Most of us fret over big financial issues – whether we can afford a home, or if we’re investing in the right mutual fund – and tend to dismiss a lot of minor money concerns. The problem is, those minor concerns can cost us BIG TIME. Here are a few seemingly small slip-ups, and how to rectify them so they don’t hurt your nest egg down the road. We got these from Real Simple magazine.
- Mistake #1 : Overlooking parking tickets. Or library fines – we’ve mentioned that before. Here’s the problem: to raise revenue, a lot of cities and libraries are turning unpaid debts over to collection agencies, and once an agency takes over your debt – even if it’s only $20 – you can count on a big dent in your credit score. How big? Craig Watts is a spokesperson for the Fair Isaac Corporation – the company that developed the FICO score and he says these small fines will lower your credit score by 100 points or more! So, take care of fines and tickets as soon as you’re aware of them.

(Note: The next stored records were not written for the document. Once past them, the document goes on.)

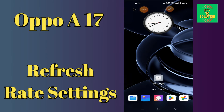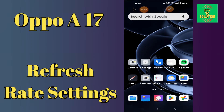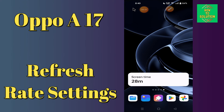Hi everyone, today in this video I'll tell you how you can manage refresh rate settings on the Oppo A17. I'll show you the right way to set it. Before I start, if you are new to my channel, don't forget to subscribe and press the bell icon. Watch the complete video and learn how you can do it.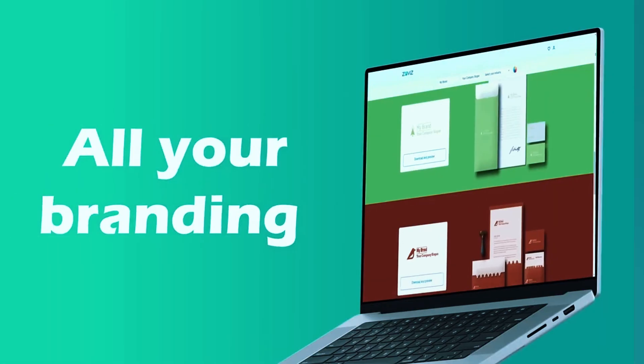In terms of file formats, it supports PNG, EPS, PDF, and vector files, making it suitable for both digital and print use. Pricing starts at $29 for a basic logo package, with complete branding kits available for $59, making it an affordable option for small businesses looking for a professional touch.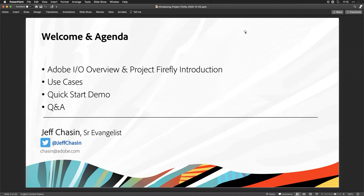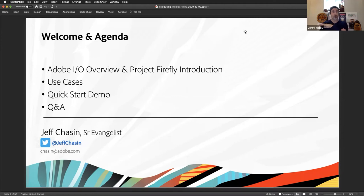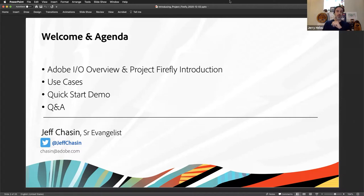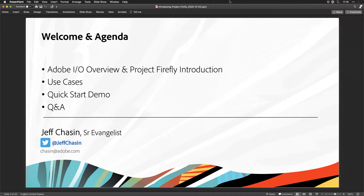The agenda covers: where Adobe IO fits in the tech stack, an introduction to Project Firefly as a new evolution for the IO team, some quick use cases and practical things done with Project Firefly, a demo of a project being built, and Q&A. The webinar recording and follow-up materials will be shared on the website. AI and machine learning through Sensei can do automated decisioning at the edge in real time at scale.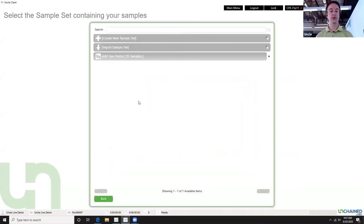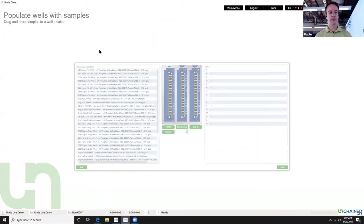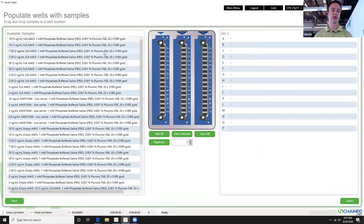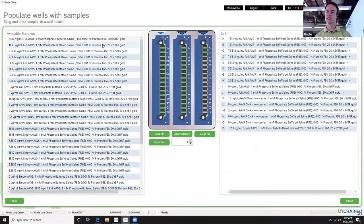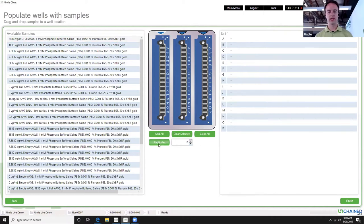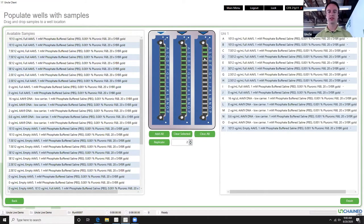In this run, the first thing we do is assign our sample set. I've preloaded an AAV live demo sample set with all the samples that correlate to what we're going to look at in UNCLE analysis. You'll see that we have a dilution series, some DNA controls, empty controls, and then a mixture of samples. I can add all those samples to my Uni — I've set this up in Excel in duplicate, so it's very easy to assign all samples in duplicate. Since I've already put together the sample set in Excel, I can add all samples and they're ready to go.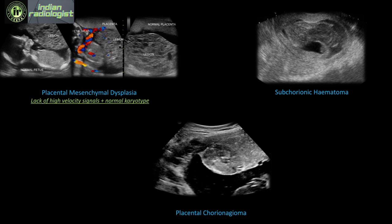Differentials for these appearances include placental mesenchymal dysplasia, which is rare but lacks the high velocity flow seen in molar pregnancy, and these babies tend to have a normal karyotype. Subchorionic hematoma is encountered often; atypical features should prompt consideration of molar pregnancy. Placental chorioangioma is relatively rare but can have a similar appearance. In all these differential cases, beta-HCG levels will be normal, which is why a multifactorial approach is essential.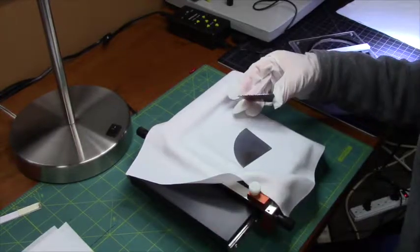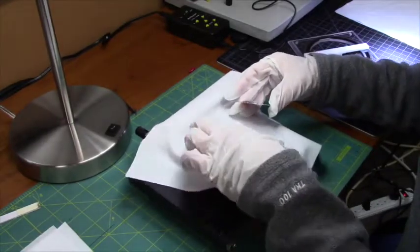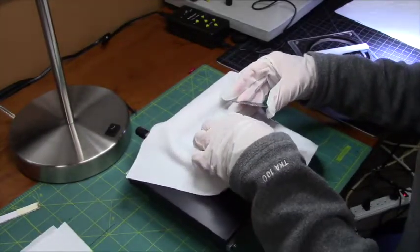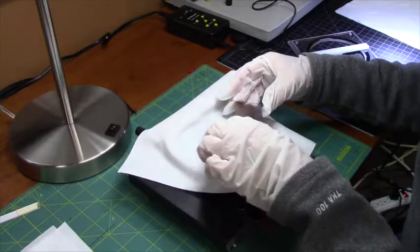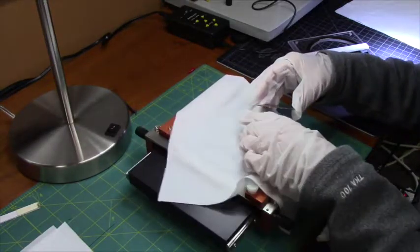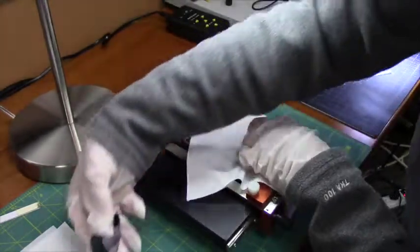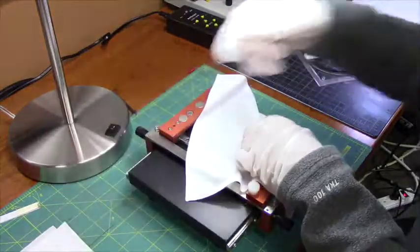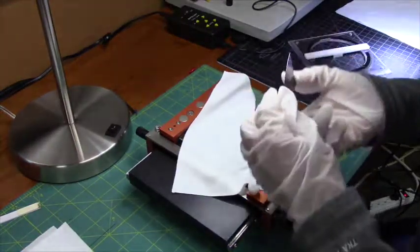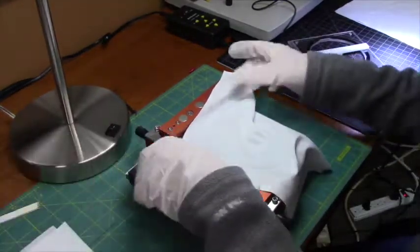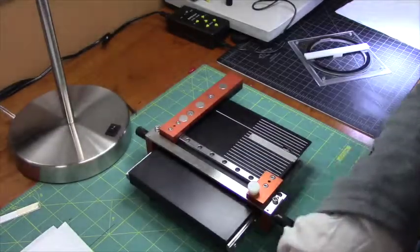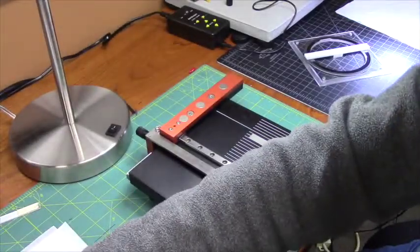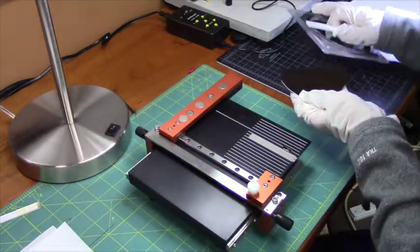This time I have cleaved along the scribe line. So that half is complete. And I will repeat the process once more to finish the preparation.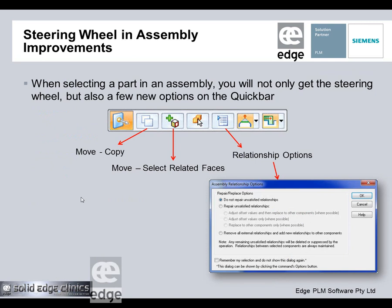There are steering wheel changes in the assembly. We've got a new quick bar. As before, there's a move/copy icon: white background means move, and clicking it gives an orange background to make a copy of whatever is selected — that can be multiple parts or sub-assemblies. There's also a new 'Move Select Related Faces' option, which is very clever, as you'll see.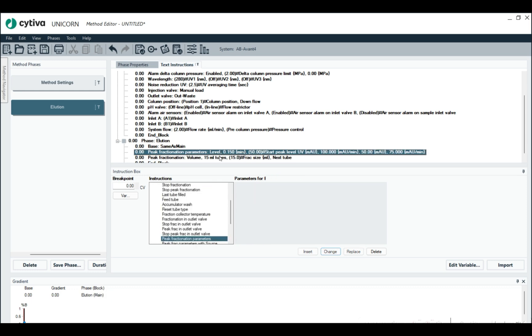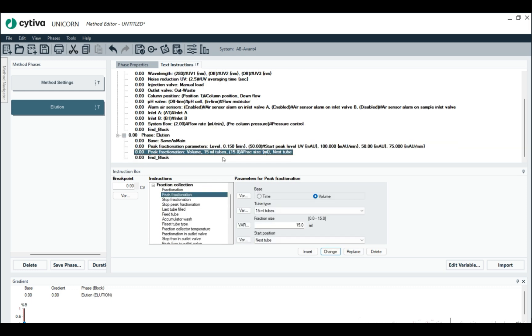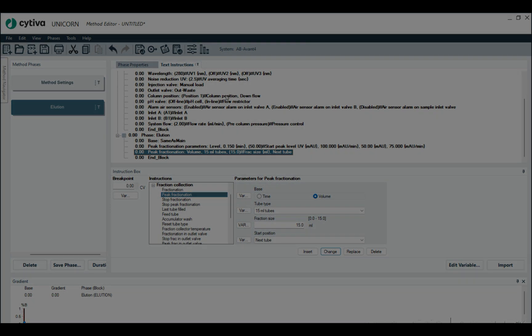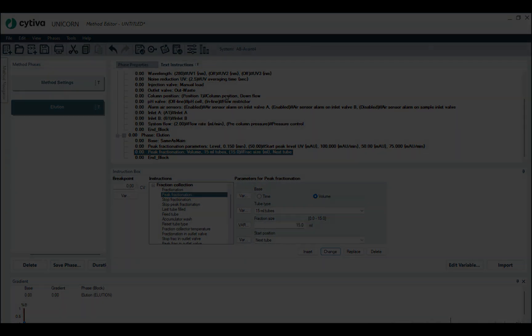There you have it. There's peak fractionation inside of the method editor, inside of the method. Thank you very much. I hope this helps with your purifications.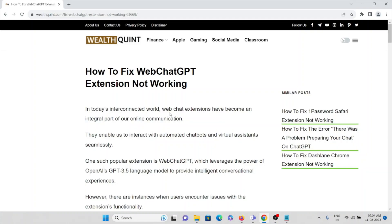Hi, let's see how to fix WebChatGPT extension not working. In today's interconnected world, web chat extensions have become an integral part of our online communication. They enable us to interact with automated chatbots and virtual assistants seamlessly.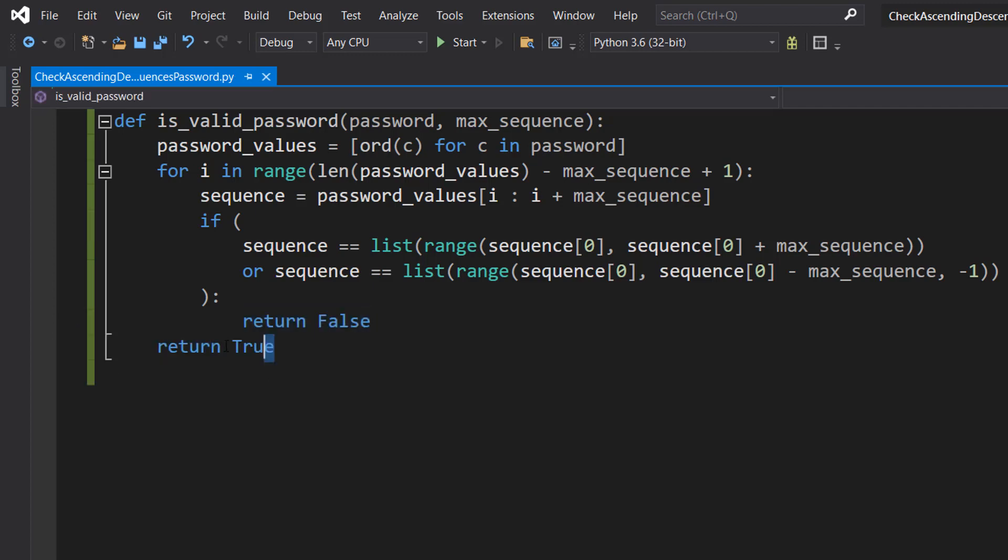Finally, we do return True after the for statement. This line is outside of the for loop, so it runs after the loop is finished. If the function hasn't already returned False and stopped running, that means it didn't find any ascending or descending sequences in the password. So we return True to indicate that the password is valid.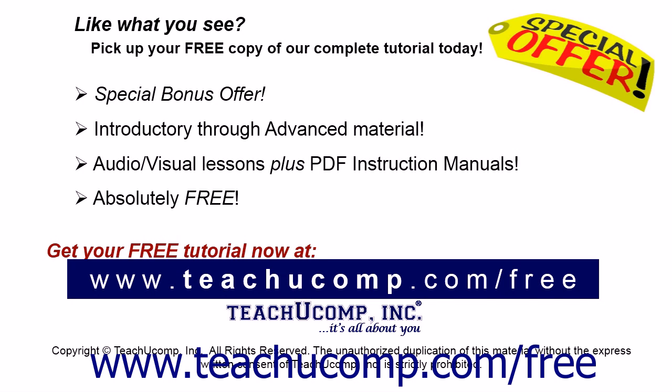Like what you see? Pick up your free copy of the complete tutorial at www.teachucomp.com forward slash free.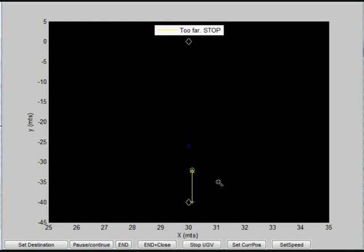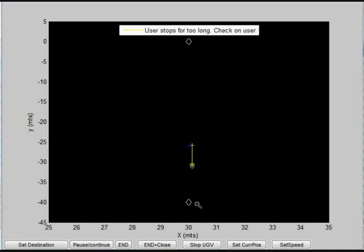If, however, the UGV detects that the user is still not within its normal distance after a long period, the UGV will discard its current destination and set the pedestrian's location as its new destination.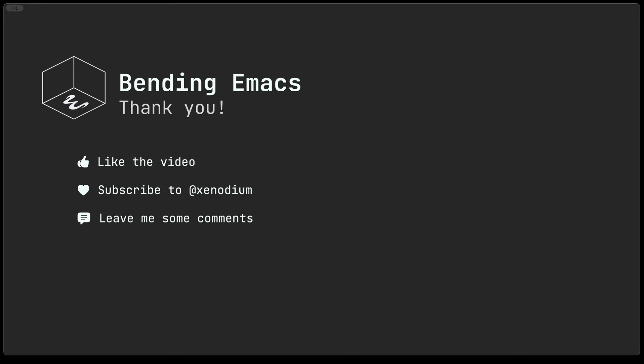So anyway that's it for today. Please don't forget to like the video, subscribe to the channel and of course leave me some comments, I always enjoy them. So thank you.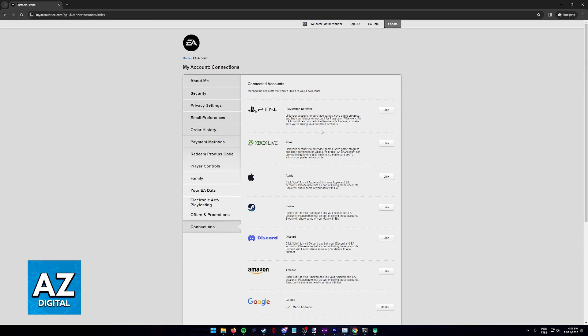Afterwards, both accounts will be linked and like I said previously, you have to use the same EA account between both platforms or any other platform that you connect through this page.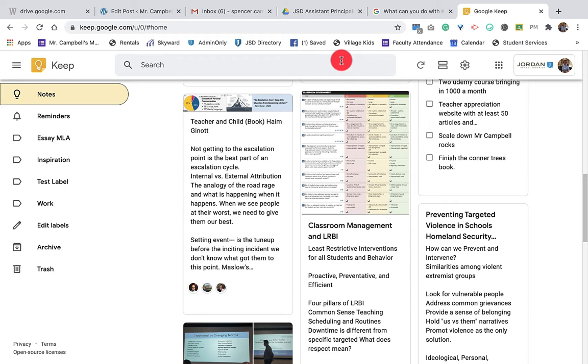Hi everybody, welcome back. My name is Mr. Campbell from MrCampbellRocks.com. I'm super excited to get started with this tutorial. This will be the first Google Keep tutorial.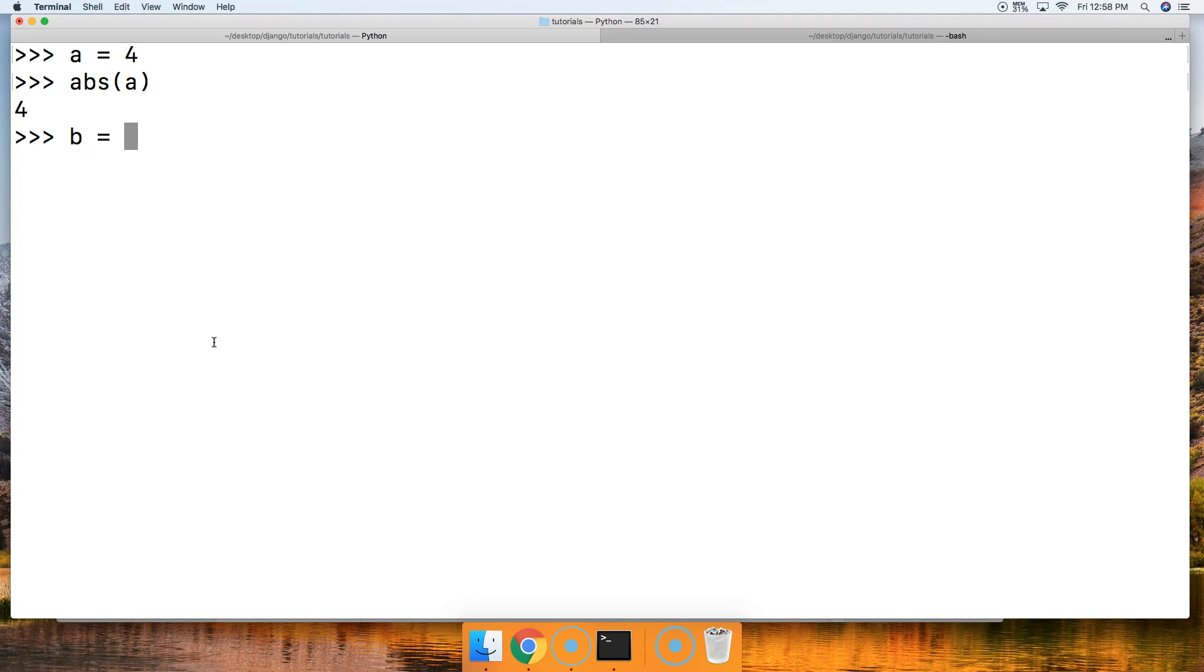How about if we did b is equal to negative 4, and then we do abs(b), and we get 4. So it takes away the negative, makes it a positive.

- Mistake #2: You cash out your 401(k) when you leave your job. If you do this, you will lose substantial future earnings because in 20 years, $2,500 – which is the average cash out – can grow to nearly $12.000. So, if you lose or leave your job, roll over your funds into a personal IRA, so your money continues to grow – tax deferred. That’s the word from from the Principal Group, one of the largest providers of 401(k) plans. In most cases, job hoppers can roll over multiple 401(k)s into a single account.
- Mistake #3 : You stop paying your student loan while you’re out of work. If you stop making payments on an average $20,000 loan for a year, you’ll pay an extra $1,300 in interest and fees. Instead, let your loan provider know that you’re out of work. By law, they must offer a program for customers experiencing economic hardship. You might be able to defer the loan, so you don’t have to make payments, and the government pays the interest. If you don’t qualify, ask about forbearance. It lets you stop making payments, although interest will still accrue, but at least you’ll be considered “current” on your loan.